═════ Dataset excerpts
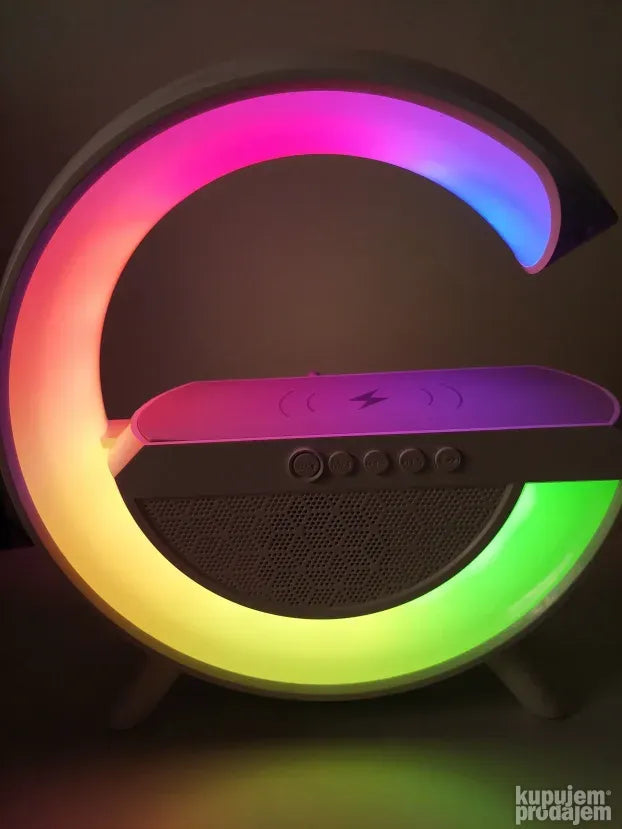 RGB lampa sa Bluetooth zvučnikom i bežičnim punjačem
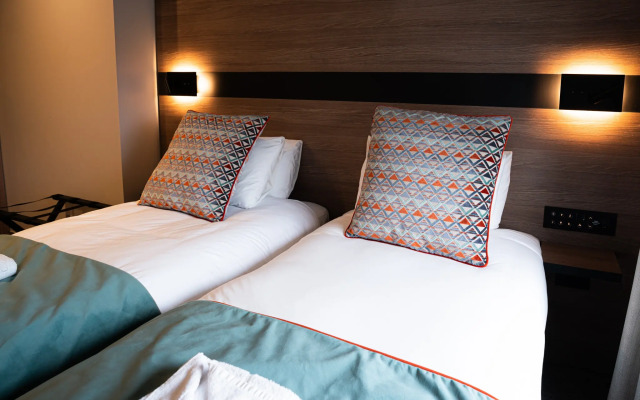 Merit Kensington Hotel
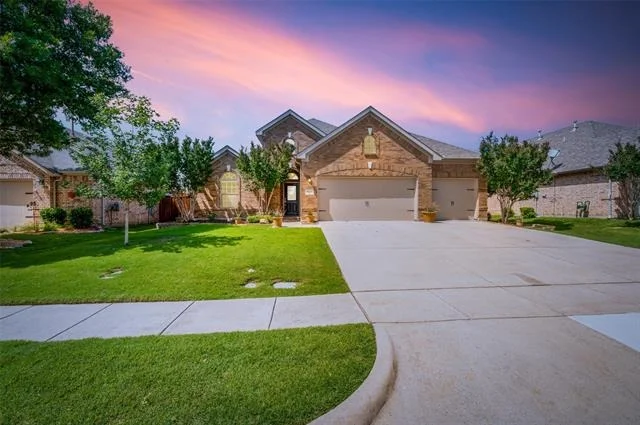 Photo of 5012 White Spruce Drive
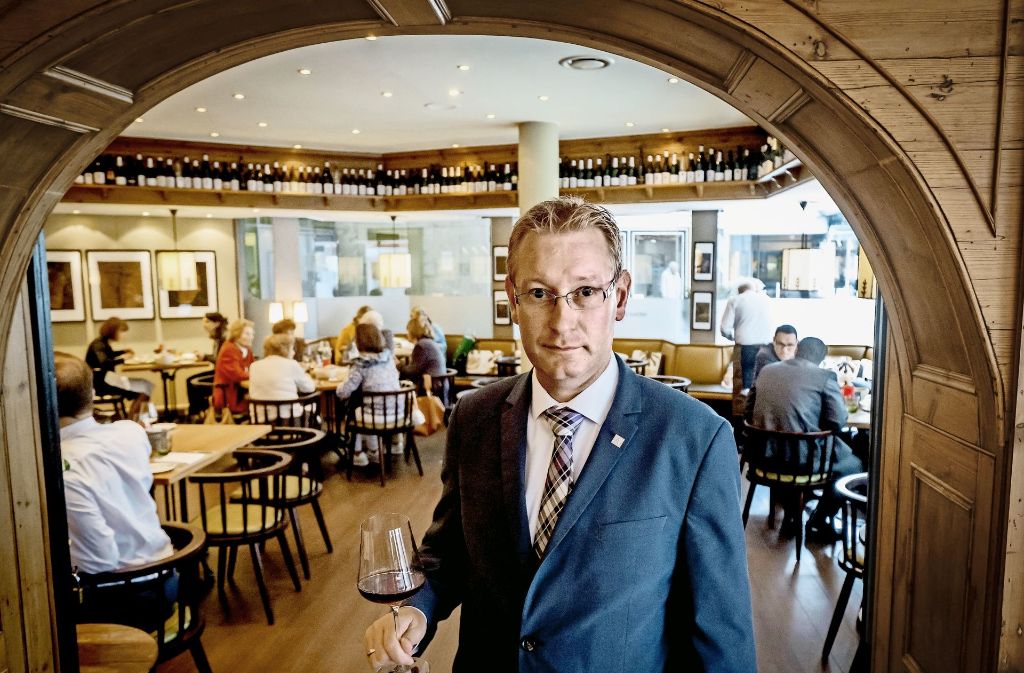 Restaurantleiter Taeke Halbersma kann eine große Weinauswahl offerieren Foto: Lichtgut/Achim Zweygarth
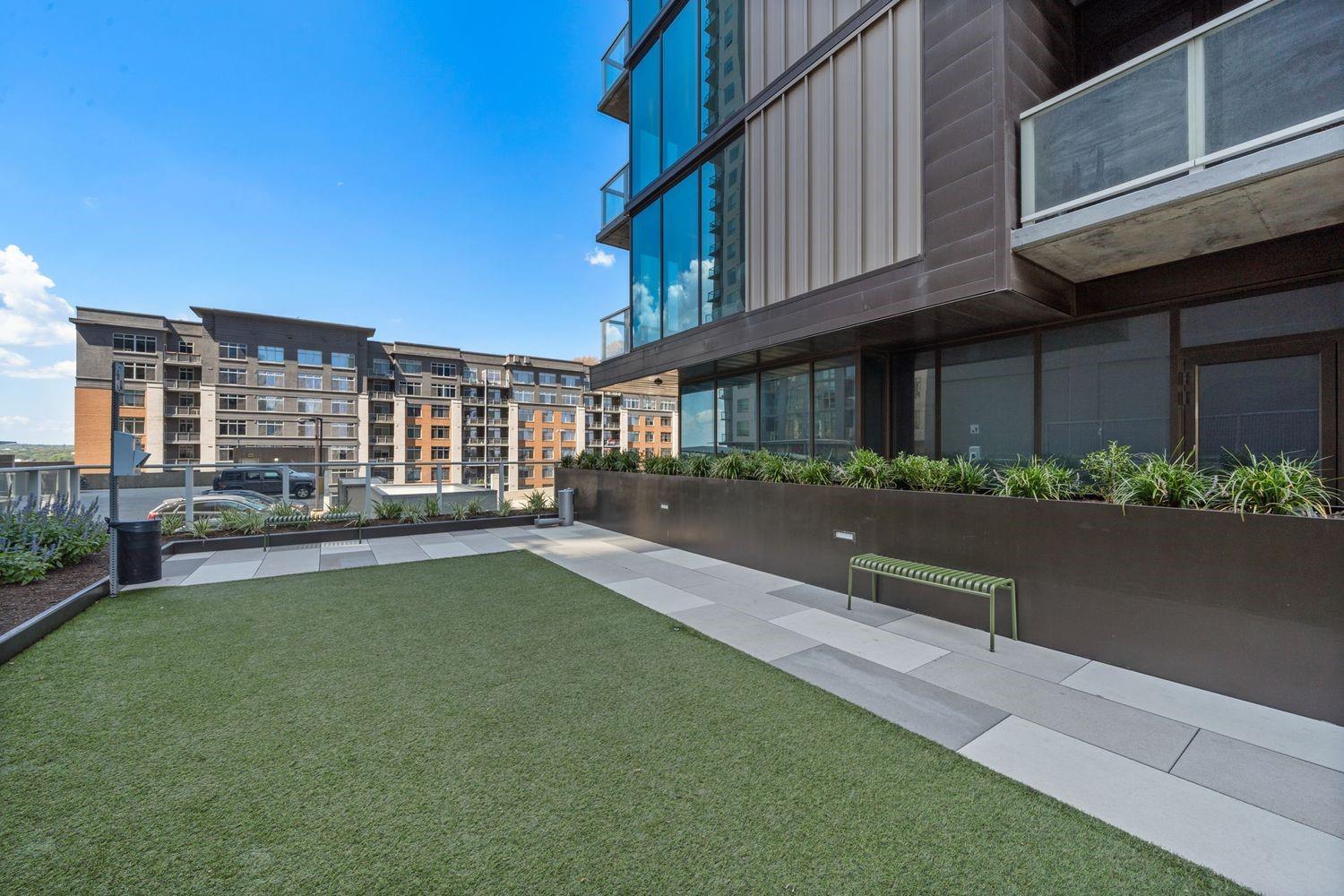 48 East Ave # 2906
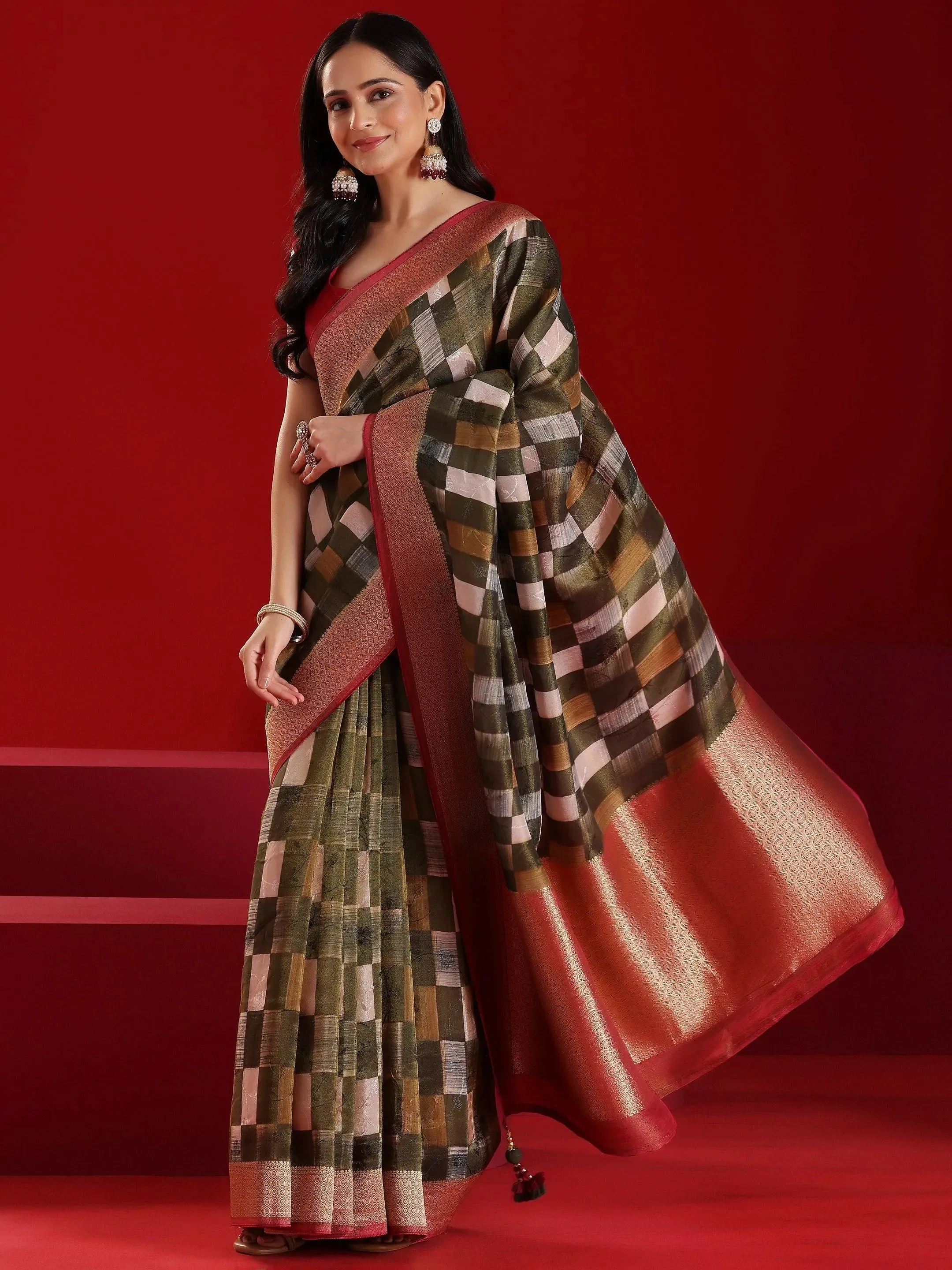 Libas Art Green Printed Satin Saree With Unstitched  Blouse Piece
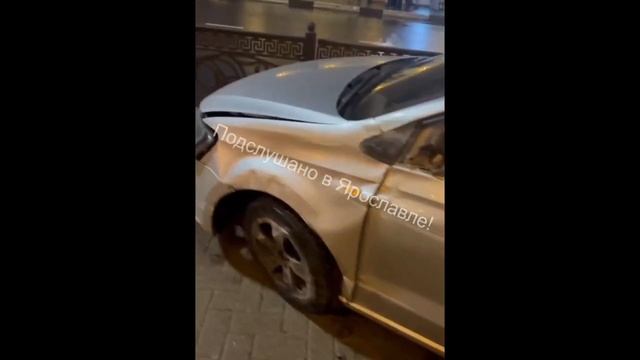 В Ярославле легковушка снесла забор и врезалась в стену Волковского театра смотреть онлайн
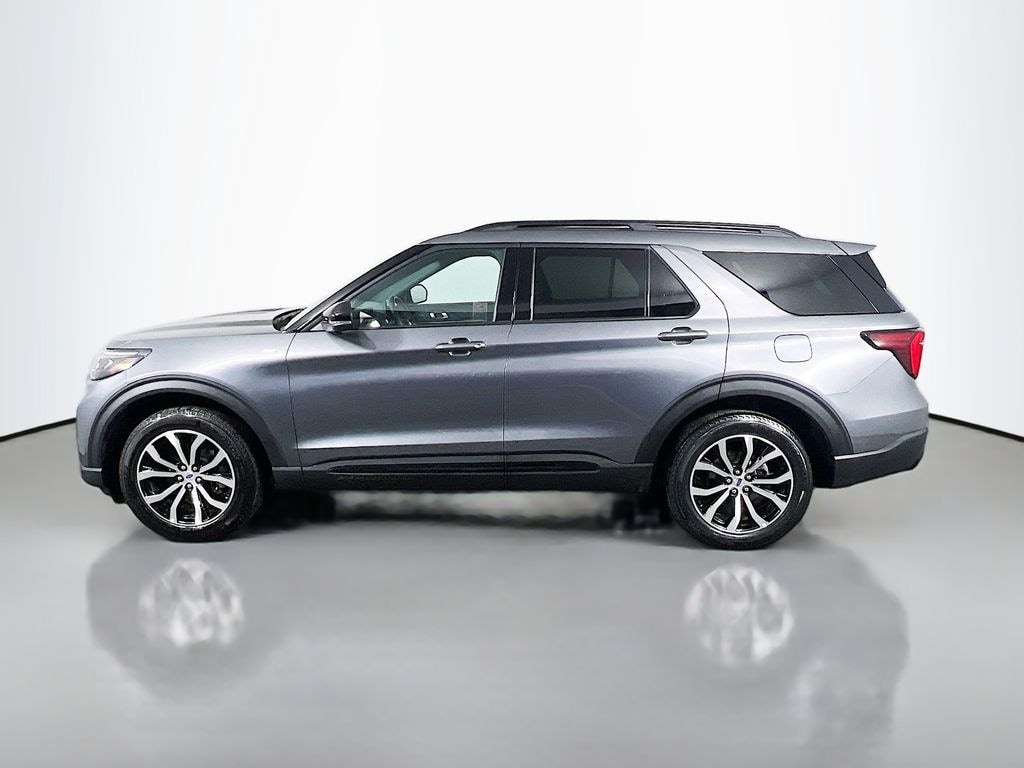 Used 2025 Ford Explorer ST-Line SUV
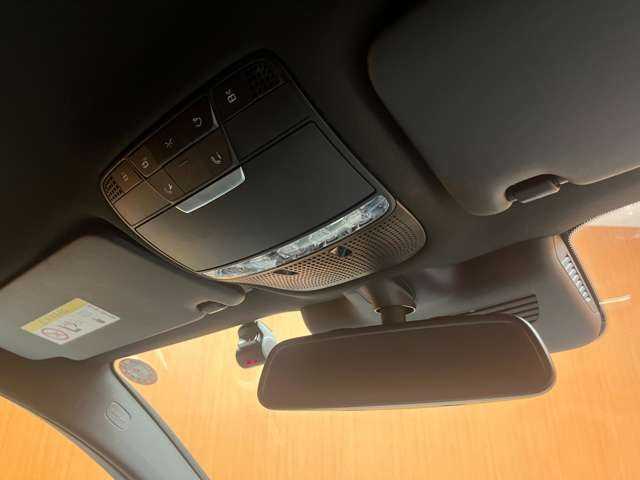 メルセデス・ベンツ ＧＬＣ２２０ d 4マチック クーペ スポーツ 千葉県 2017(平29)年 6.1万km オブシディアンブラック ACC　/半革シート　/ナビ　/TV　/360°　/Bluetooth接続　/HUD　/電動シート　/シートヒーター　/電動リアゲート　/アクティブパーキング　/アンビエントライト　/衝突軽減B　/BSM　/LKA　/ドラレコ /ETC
══════════
**Your objective**
Copy out the data exactly and keep the pictures out.

**Completed exercise**
 RGB lampa sa Bluetooth zvučnikom i bežičnim punjačem
 Merit Kensington Hotel
 Photo of 5012 White Spruce Drive
 Restaurantleiter Taeke Halbersma kann eine große Weinauswahl offerieren Foto: Lichtgut/Achim Zweygarth
 48 East Ave # 2906
 Libas Art Green Printed Satin Saree With Unstitched  Blouse Piece
 В Ярославле легковушка снесла забор и врезалась в стену Волковского театра смотреть онлайн
 Used 2025 Ford Explorer ST-Line SUV
 メルセデス・ベンツ ＧＬＣ２２０ d 4マチック クーペ スポーツ 千葉県 2017(平29)年 6.1万km オブシディアンブラック ACC　/半革シート　/ナビ　/TV　/360°　/Bluetooth接続　/HUD　/電動シート　/シートヒーター　/電動リアゲート　/アクティブパーキング　/アンビエントライト　/衝突軽減B　/BSM　/LKA　/ドラレコ /ETC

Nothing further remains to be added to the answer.